If he seems a man of contradictions, it may be because he so seldom explains himself.

``It's incumbent on the chairman of the Federal Reserve to be circumspect in his remarks, because of the way the financial community interprets even the nuances of what he says,'' said William Niskanen, economist at the conservative Cato Institute and a former acting chairman of President Reagan's Council of Economic Advisers.

``Their pattern is to convey moods but not very much detail or specific information,'' Niskanen said. ``It's kind of a game they play.''

Greenspan has been known to joke that he learned to mumble after Reagan nominated him to the Fed post in 1987. He sometimes tells visitors, ``If I seem unduly clear to you, you must have misunderstood what I said.''

Although plainly more comfortable with conservatives, Greenspan's ease with Clinton may stem from their shared love of economic minutiae.

``He's the ultimate numbers cruncher,'' said David M. Jones, economist and author of a book on the Fed, ``The Buck Starts Here,'' which takes its title from a plaque on Greenspan's desk.

``I'll walk into his office, and he won't say `David, good morning' or `How are you.' He'll say, `David, do you have any numbers on inventories of imported goods' or something like that,'' Jones said.

Economists and journalists often rank the chairman of the Federal Reserve as second only to the president in power (although these days some might put House Speaker Newt Gingrich in there somewhere). ``He really relishes this role,'' Jones said.

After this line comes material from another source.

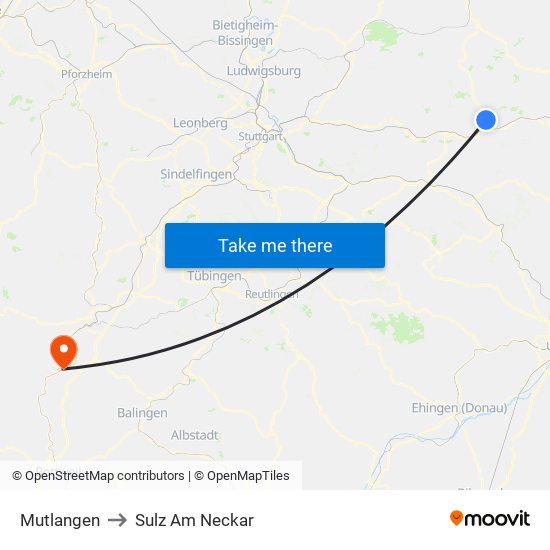 Mutlangen to Sulz Am Neckar map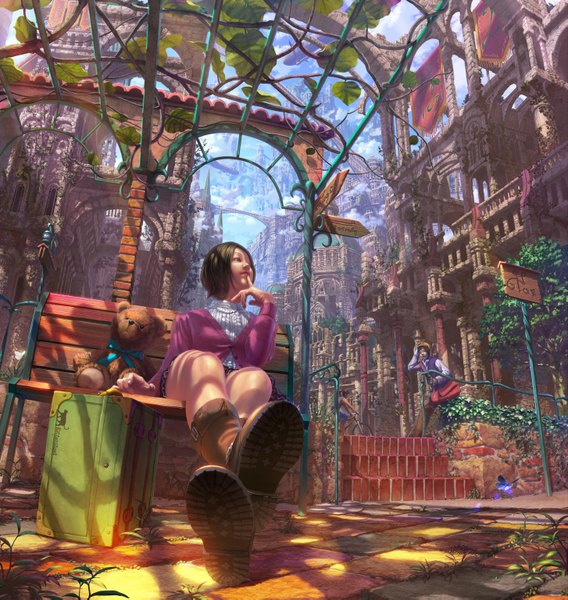 Anime picture 2905x3069 with original reishin tall image highres short hair blue eyes brown hair sitting realistic legs city detailed girl plant (plants) building (buildings) toy bag stuffed animal teddy bear bench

Greenspan's father was a stock broker. His parents were divorced when he was a child, however, and it was his mother who raised him in Manhattan. He showed an early talent for math and an impressive recall of major league batting averages. Now he follows the Mets.

Greenspan studied music at the Juilliard School before dropping out for a year on the road as a saxophone and clarinet player. After a year he returned to school and studied economics at New York University, eventually earning his doctorate and becoming an economic consultant.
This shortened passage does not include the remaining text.